背景にはXboxの“持続不能”な財政難
Xboxが受賞スタジオCompulsion Games閉鎖へ?「素晴らしいゲームを作る」と称賛直後

Xboxが傘下のゲームスタジオCompulsion Gamesを閉鎖する計画だと、米Kotakuが報じている。同スタジオは『South of Midnight』や『We Happy Few』の開発元であり、最新作『South of Midnight』はデジタルメディア分野のストーリーテリングを顕彰する「Peabody賞」を受賞したばかりである。
影響を受ける従業員数は不明だが、LinkedInページでは約90人とされており、Kotakuによれば実際はそれよりも多いという。また、複数の従業員がすでにSNS上で求職活動を始めているとのことだ。
この動きは、Xbox CEOのアシャ・シャルマ(Asha Sharma)氏とMicrosoft Game Studiosヘッドのマット・ブーティ(Matt Booty)氏が、数日前に社内向け公開メール「Next 100 Days: Xbox Reset(次の100日:Xboxリセット)」を発表し、Xboxが直面している財務面および運営面の問題を明らかにした直後のことである。また、大規模な人員削減が今後数週間以内に始まる見込みだとの報道も出ていた。
さらに、Xbox Game Studios傘下のRareを率いていたクレイグ・ダンカン(Craig Duncan)氏が、就任から2年足らずで辞任したとも報じられている。
この一報が衝撃を呼んでいるのは、シャルマ氏が今年に入ってからCompulsion Gamesを高く評価していた経緯があるためだ。
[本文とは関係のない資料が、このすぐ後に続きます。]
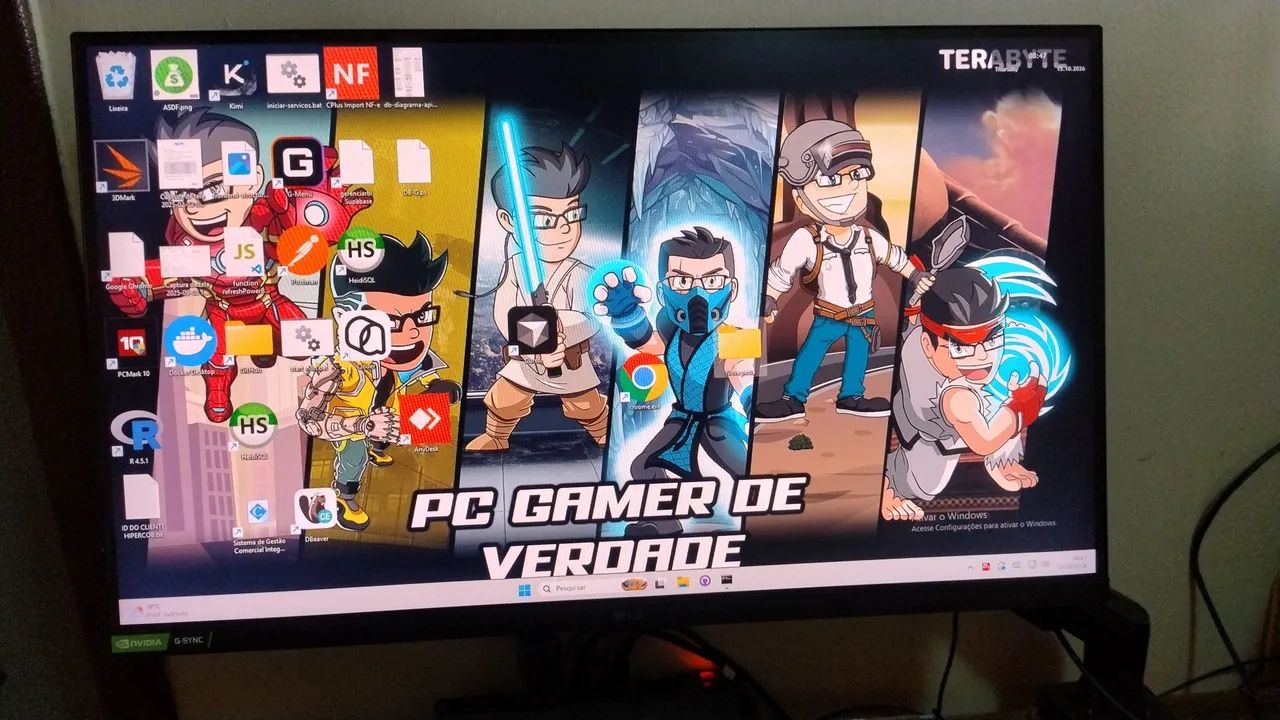 Monitor Gamer LG UltraGear 27 Polegadas, 240Hz IPS 1ms Full HD - Foto 4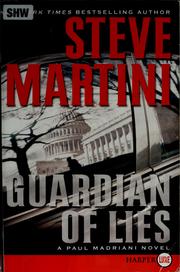 Cover of: Guardian of lies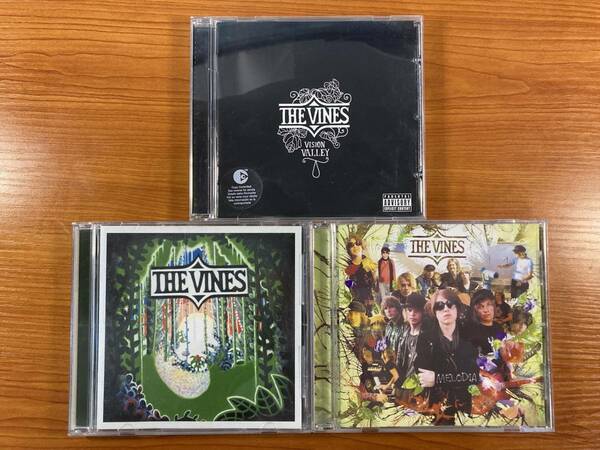 W5477 ザ・ヴァインズ (The Vines) CD アルバム 3枚セット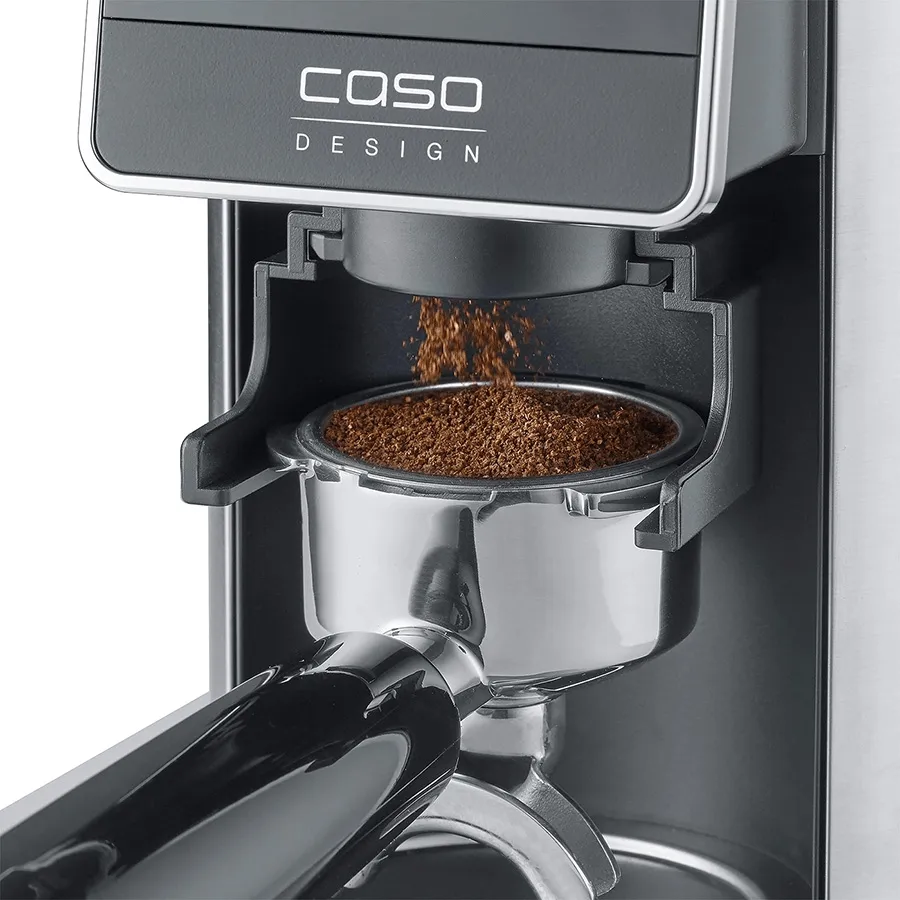 Caso Barista Chef Pro kahvimylly, Musta Caso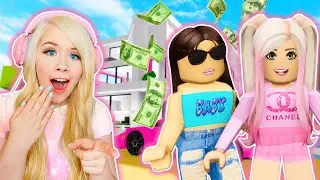 RICH BRAT MEETS A RICHER BRAT IN BROOKHAVEN! (ROBLOX BROOKHAVEN RP)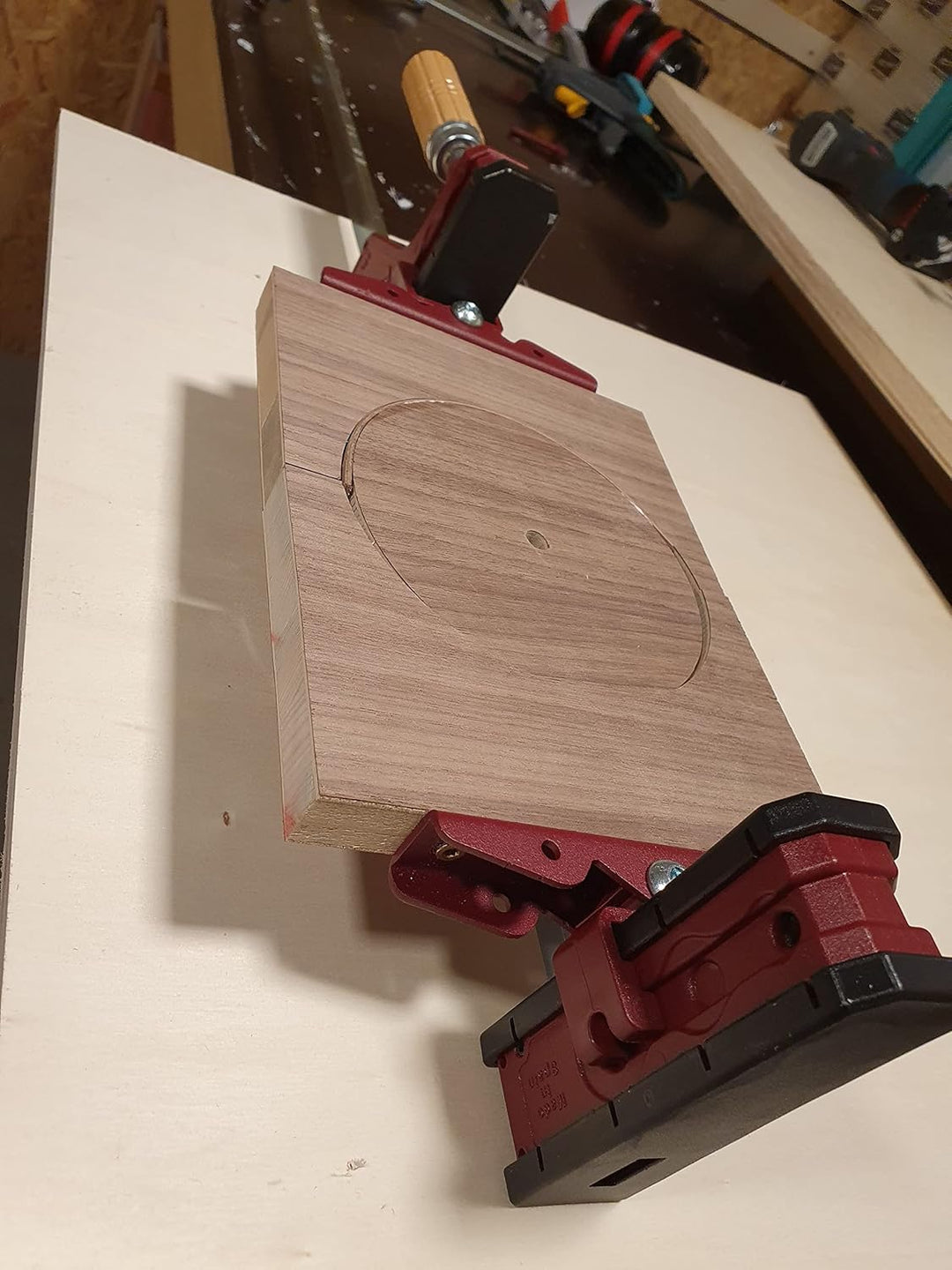 Piher Parallelzwinge Modell PRL 80cm Arbeitslänge, 4 Stück im Set 80cm, 4 Stück Schwarz, 80cm, 4 Stü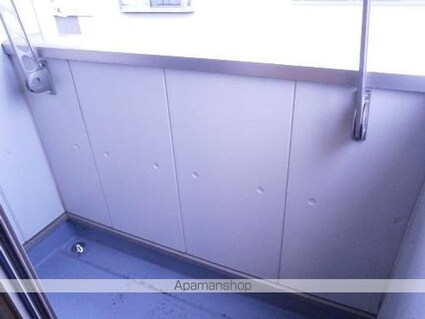 フォレストみのり台[1K/25.02m2]のバルコニー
同氏は4月のGame Fileの取材で、「私たちが重視しているのは、素晴らしいゲームを作ることだ」と述べたうえで、『South of Midnight』がPeabody賞を受賞したことを誇らしげに語っていた。
一方のブーティ氏も、Compulsion GamesをXboxの受賞作戦略を象徴する存在として挙げていた。『South of Midnight』のPeabody賞受賞について、「現在のゲームのストーリーテリング能力を強く裏付けるものだ」と評価し、さらに数週間前には新規IP部門でBAFTA(英国映画テレビ芸術アカデミー賞)も受賞したと強調していた。
この記事の掲載後、Kotakuはアップデートを追記した。スタジオ内部の情報源によれば、Compulsionの経営陣は現在、マイクロソフトとスタジオの将来を巡って「交渉中」であり、その詳細はまだ明らかにされていないという。つまり、スタジオ閉鎖はまだ確定事項ではなく、まさに瀬戸際でせめぎ合っている状況のようだ。
上記の「Xboxリセット」文書で、シャルマ氏とブーティ氏は今年度の「accountability margin(営業利益率に近い指標)」が約3%となり、前年より悪化すると明言した。この5年間でコンテンツやプラットフォーム、ハードウェア補助金に200億ドル超を投じたにもかかわらず、年商はこの期間に約5億ドル目減りしたと苦境を生々しく語り、この状況は「持続不能だ」と述べていた。今後、どのスタジオが閉鎖されても不思議ではない状況と言えそうだ。